Eye For Film >> Movies >> A Nightmare On Elm Street Part 2: Freddy’s Revenge (1985) Film Review
A Nightmare On Elm Street Part 2: Freddy’s Revenge
Reviewed by: James Gracey
The tagline for Freddy’s Revenge boasts that “The man of your dreams is back” but it doesn’t say that he’s back in a sequel completely lacking in the surreal intensity and creepy ingenuity of its predecessor. Director Jack Sholder (Alone In The Dark, The Hidden) attempts to take the story in a new, body-horror orientated direction, with child killer Freddy Krueger (Robert Englund) attempting to possess a teenaged boy (Mark Patton) and emerge into the waking world; but it’s an attempt that isn’t entirely successful.
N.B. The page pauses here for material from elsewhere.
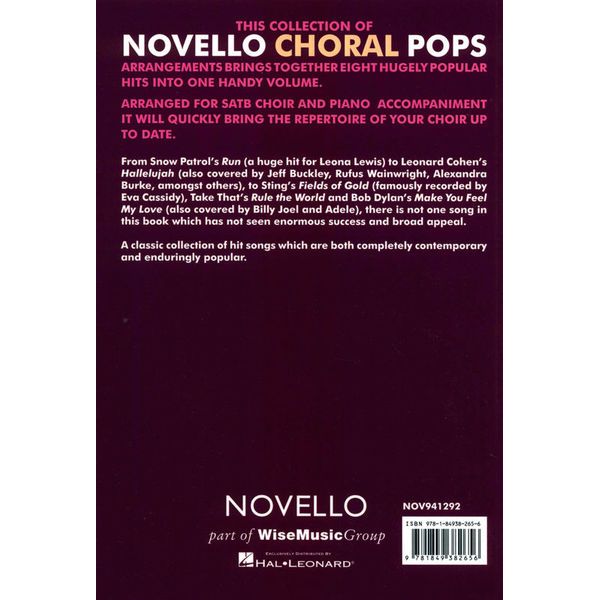 Novello & Co Ltd. Novello Choral Pops Collection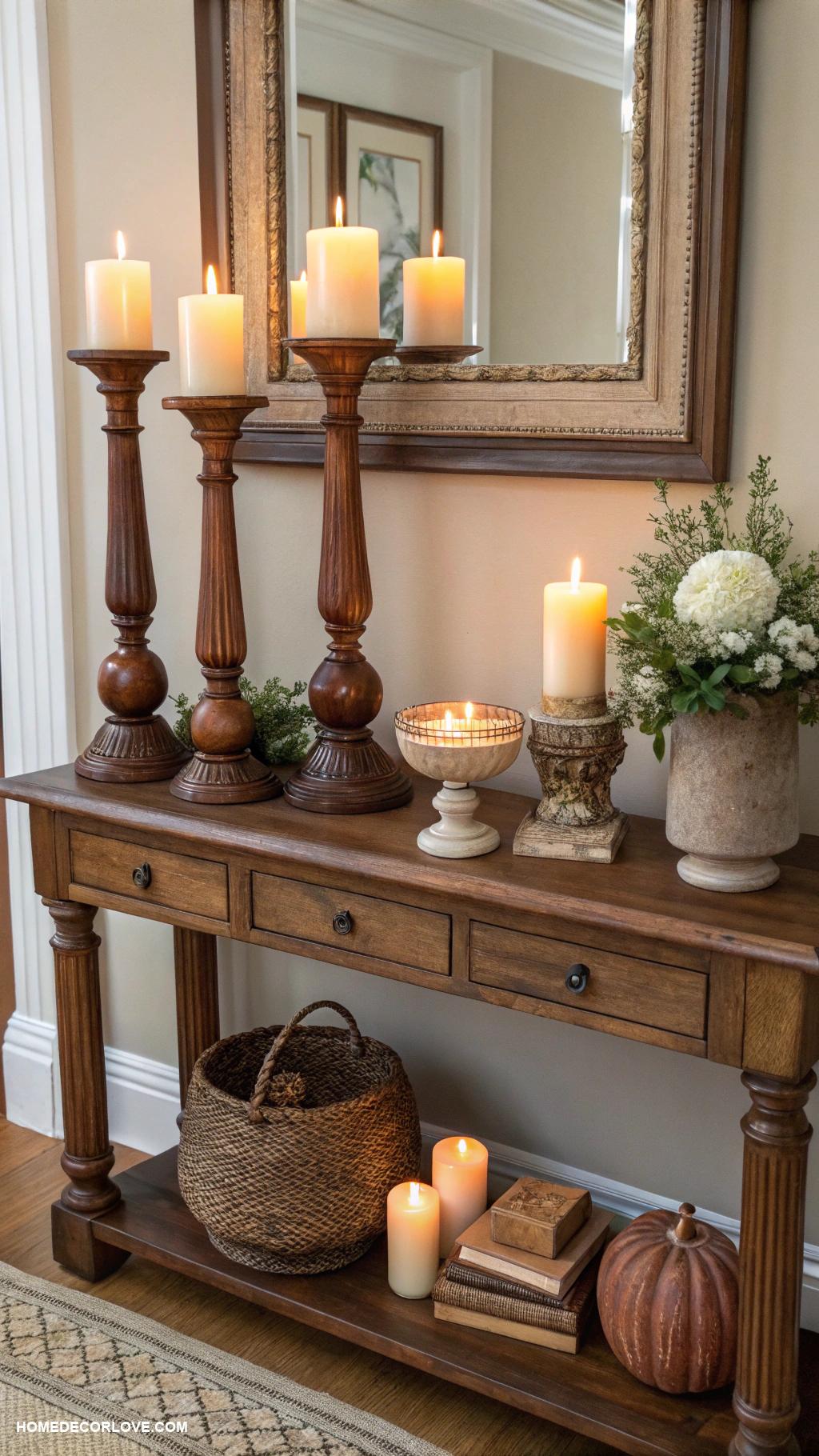 entryway table decor ideas Candles of different heights and sizes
None of the queasy tension from the original is present, although the opening scene with Krueger driving a school bus through an increasingly hellish landscape is effectively realised. At times it boasts a stifling atmosphere and palpable uneasiness, but these aspects are diluted by more ludicrous moments, such as the scene in which the family’s pet parrot explodes, and the pool party scene where Krueger finally emerges into the real world only to snarl at revellers - many of whom are taller than him.
An unexpected and interesting aspect of Freddy’s Revenge is a subtext hinting at homosexual anxiety and repression. As the story progresses it takes the form of a violent ‘coming out’ parable. Freddy - who had yet to become the clownish figure he was in later sequels - appears to be constructed as the repressed desires of a young gay man that have become destructive as he lashes out at those he is attracted to. Interestingly, there are no female victims in this sequel; strange indeed for an Eighties’ slasher. Freddy (a dirty, disfigured and sadistic man who molests teenagers in their beds while they sleep) emerges from Jesse’s body when the teen finds himself in sexual situations, and it isn’t difficult to read these moments as manifestations of Jesse’s sexual anxiety; he sees his emerging sexual orientation as monstrous and so struggles to repress it.
Various scenes play out in leather bars, steamy locker rooms, and the bedrooms of half-naked male peers, whom Jesse regularly wrestles with in various moments that are charged with homoeroticism. The death of the sadistic gym teacher is particularly camp, as an unseen intruder hurls soccer balls at him, ties him up with jump ropes, strips him bare and whips his buttocks with a towel before slashing him to death. Conjuring all manner of S & M connotations, this has to be one of the more bizarre deaths in the series.
Freudian and blatantly phallic imagery comes when Jesse falls asleep in class and dreams that a huge snake has wrapped itself around his body, and later he comments that he is having nightmares about "a man who wants my body", exclaiming loaded lines such as "Fred Krueger! He's inside me, and he wants to take me!" The repression of his homosexual urges, the anxiety and panic he feels and the eventual nervous breakdown he seems to suffer lead to Jesse’s fraying relationship with his family and friends. His mother and girlfriend plead with him to talk about what’s troubling him; highly reminiscent of certain key moments in ‘coming-out’ movies. It is actually these parallels that make this otherwise lacklustre sequel so interesting, and at times unintentionally entertaining. However, coming in the wake of the original, Freddy’s Revenge unfolds as a rather uninspiring film indeed.